▶ Exercise data
-=-=-=-=-
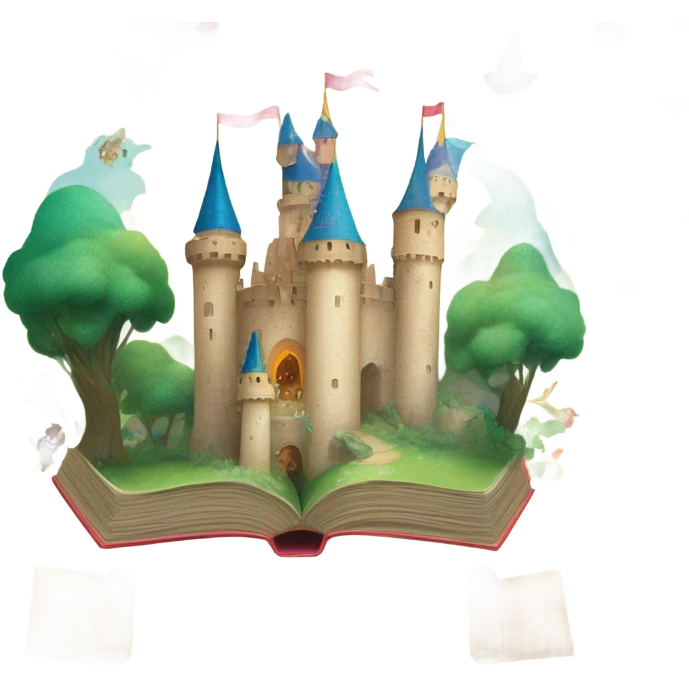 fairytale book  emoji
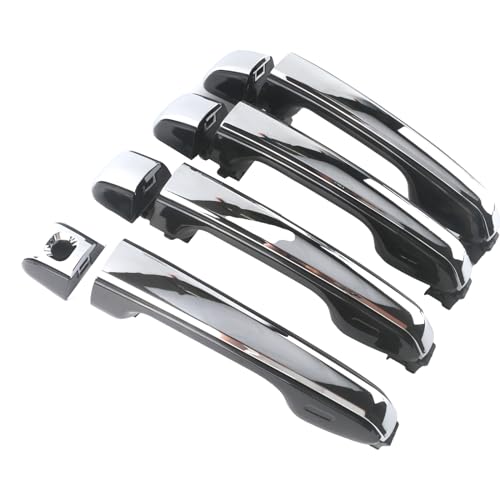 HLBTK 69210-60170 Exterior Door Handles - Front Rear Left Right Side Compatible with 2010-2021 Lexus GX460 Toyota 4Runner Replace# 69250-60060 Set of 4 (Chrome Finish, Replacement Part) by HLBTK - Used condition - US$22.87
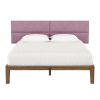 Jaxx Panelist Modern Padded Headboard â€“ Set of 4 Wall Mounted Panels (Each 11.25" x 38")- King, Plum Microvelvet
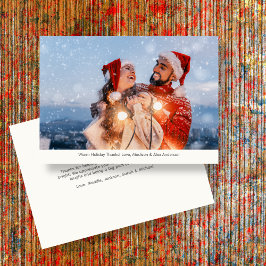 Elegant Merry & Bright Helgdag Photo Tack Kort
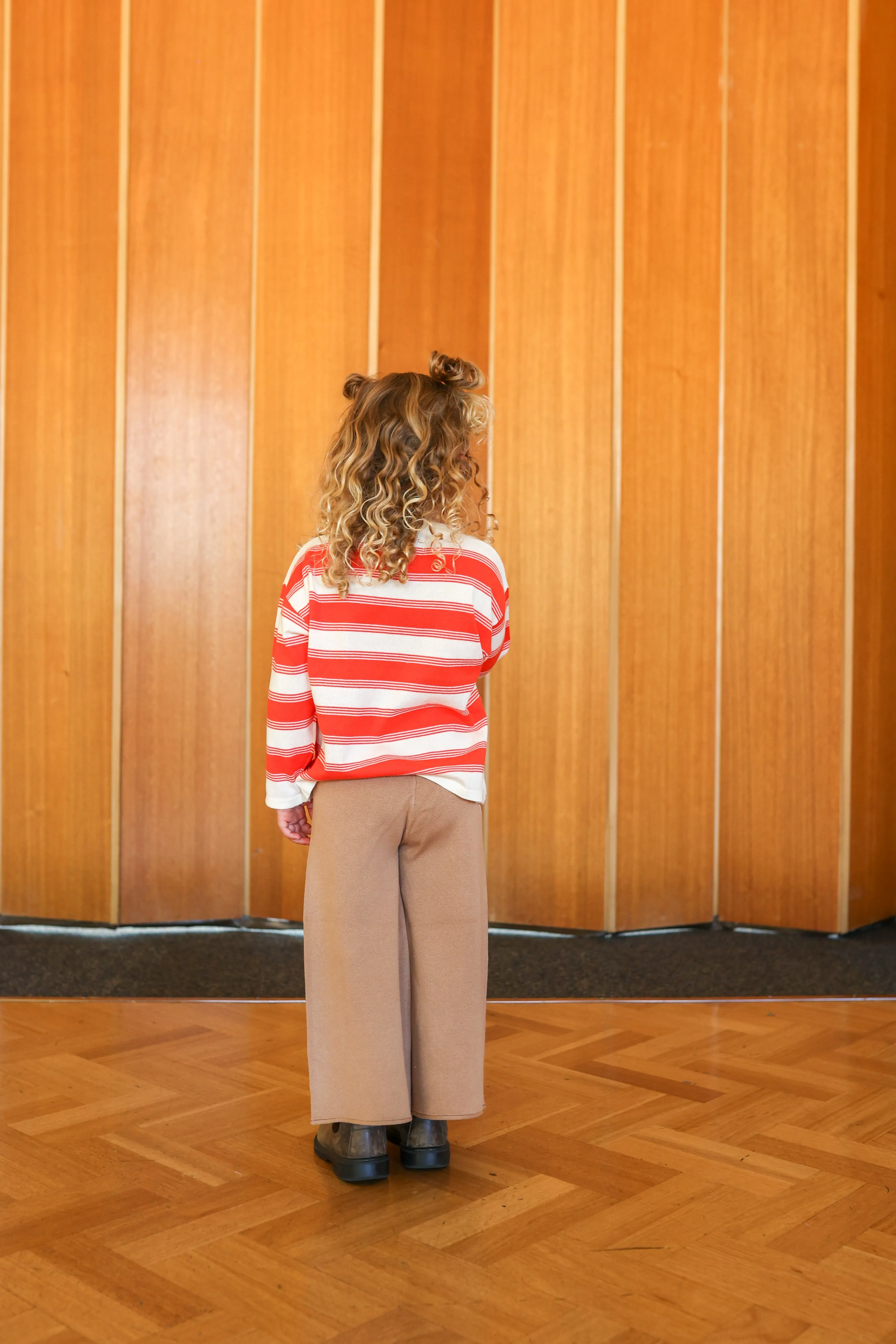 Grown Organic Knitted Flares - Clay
-=-=-=-=-
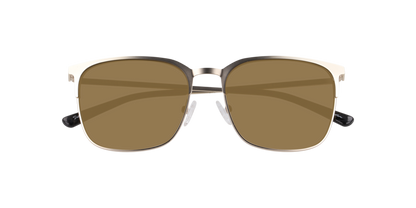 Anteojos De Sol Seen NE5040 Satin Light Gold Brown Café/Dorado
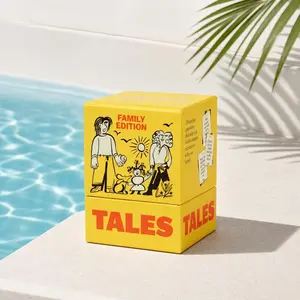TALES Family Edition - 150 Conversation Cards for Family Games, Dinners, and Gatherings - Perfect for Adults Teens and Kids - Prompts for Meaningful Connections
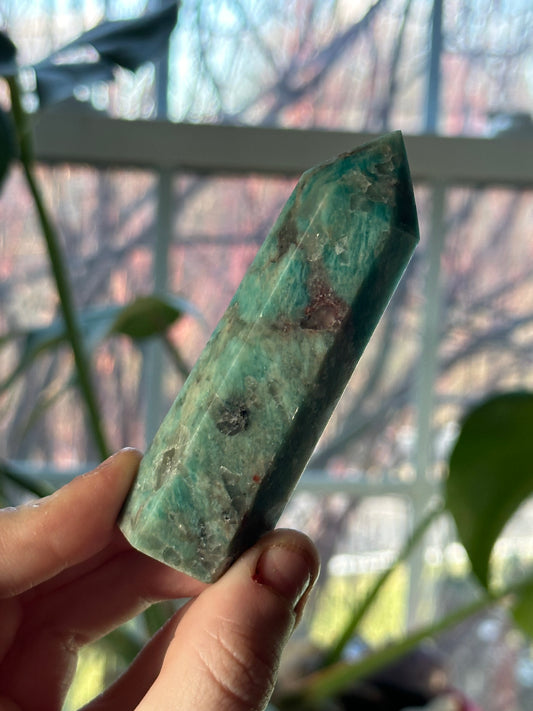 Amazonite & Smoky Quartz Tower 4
-=-=-=-=-
▶ Problem details
For the entries above, print exactly the lines between the one with "TALES Family Edition" and the one with "Amazonite & Smoky Quartz Tower 4", inclusive, with no pictures.

▶ Result below
TALES Family Edition - 150 Conversation Cards for Family Games, Dinners, and Gatherings - Perfect for Adults Teens and Kids - Prompts for Meaningful Connections
 Amazonite & Smoky Quartz Tower 4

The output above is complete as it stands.